Dekret pokojowy z Trianon został nałożony na Węgry 4 czerwca 1920 r., w wyniku czego nasze terytorium z 320 000 kilometrów kwadratowych skurczyło się do 90 000, a 11 milionów Węgrów z naszej 18-milionowej populacji utknęło poza naszymi granicami.
Po ogłoszeniu dekretu pokojowego w Trianon zabrzmiały dzwony i rozpoczął się dzień żałoby. Węgry nie miały tak silnego sojusznika, który mógłby złagodzić ogromną stratę. Dlatego nasiliły się dodatkowe roszczenia terytorialne.
Po przejęciu Siedmiogrodu Rumuni opowiadali się także za aneksją Wielkiej Równiny.

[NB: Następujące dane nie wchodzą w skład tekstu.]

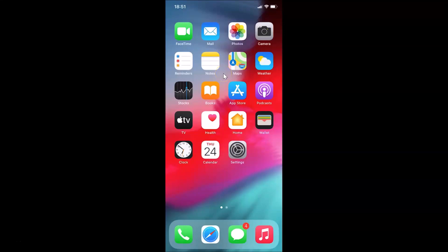Hi guys, in this tutorial I'm going to show you how to add a Google search bar widget to the home screen on iPhone running iOS version 14.0. This is my iPhone device and I have iOS version 14.0 installed on it.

Czechosłowacy zaplanowali 150-kilometrowy korytarz zachodni, co praktycznie oznaczałoby koniec państwowości. Na południu toczyły się walki o Muravidék, proklamowano Republikę Vendvidék, aw odpowiedzi armia jugosłowiańska najechała węgierskie wioski.
Wtedy opamiętali się Włosi i Amerykanie, udaremniając korytarz i wspierając lokalne referenda. To pozwoliło nam coś odzyskać.
Naród węgierski jest dziś silniejszy niż kiedykolwiek w ciągu ostatnich stu lat – napisał na swoim profilu w mediach społecznościowych minister finansów Mihály Varga. Zamieścił wideo, z którym przygotowywaliśmy się na 100-lecie o tej porze w zeszłym roku.